Your answer must be the full listing, word for word, with no images in it.

## Given information
= = = = =

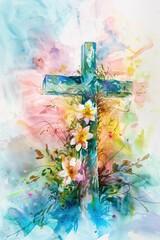 A beautiful watercolor painting of a cross adorned with flowers. Ideal for religious themes or spiritual concepts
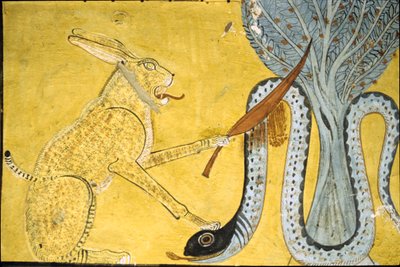 Antigo Egito, Pintura mural Túmulo de Inherkhau, Tebas, Túmulo dos Nobres, 20ª dinastia, Amon (Gato) matando a serpente, representando Amon derrotando a serpente, Apophis debaixo da árvore sagrada (foto) de School Egyptian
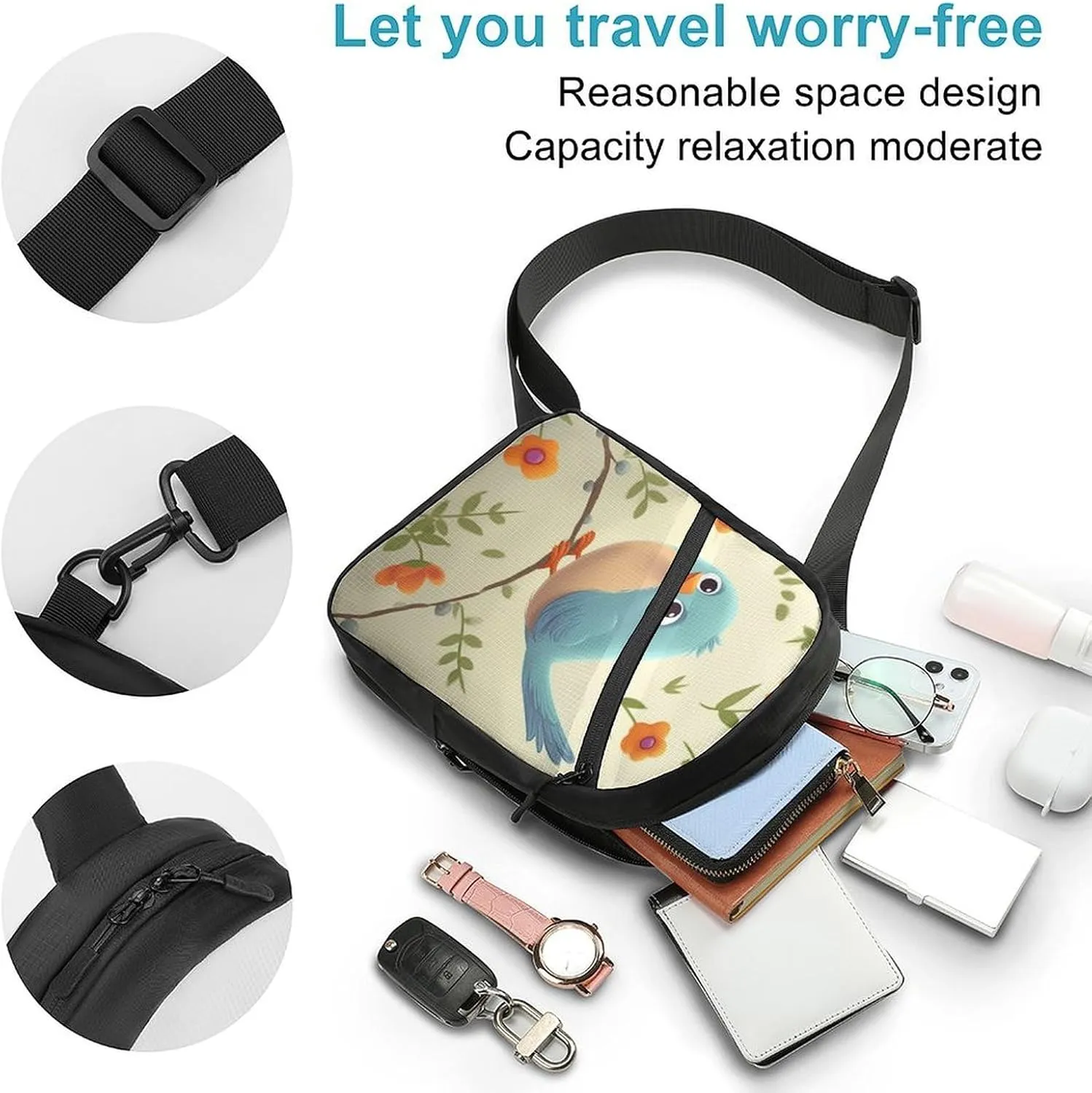 Sling Bag for Women Men Daypack Cute Bird Chest Bag Crossbody Backpack for Hiking Travel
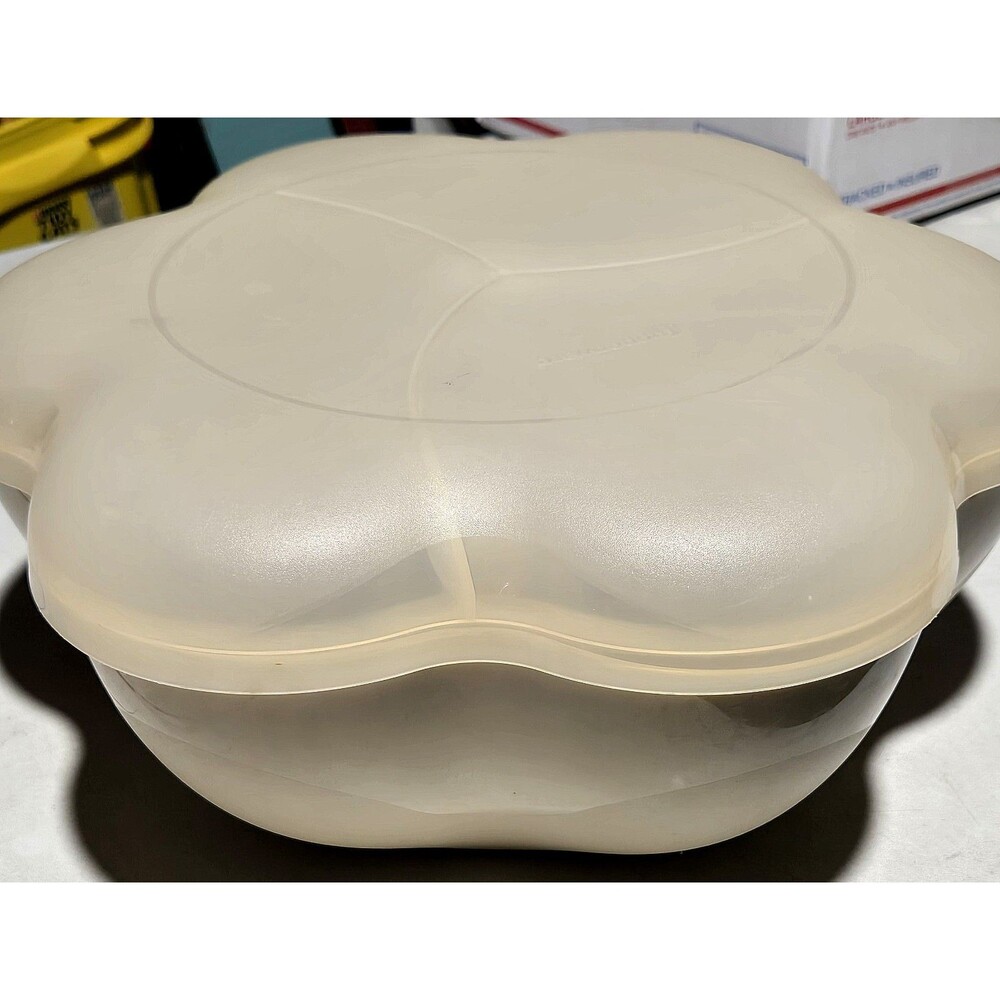 Vintage Tupperware Party Tray Chip Dip Set 4624A Divided w/ Lids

= = = = =

## Output of the task
 A beautiful watercolor painting of a cross adorned with flowers. Ideal for religious themes or spiritual concepts
 Antigo Egito, Pintura mural Túmulo de Inherkhau, Tebas, Túmulo dos Nobres, 20ª dinastia, Amon (Gato) matando a serpente, representando Amon derrotando a serpente, Apophis debaixo da árvore sagrada (foto) de School Egyptian
 Sling Bag for Women Men Daypack Cute Bird Chest Bag Crossbody Backpack for Hiking Travel
 Vintage Tupperware Party Tray Chip Dip Set 4624A Divided w/ Lids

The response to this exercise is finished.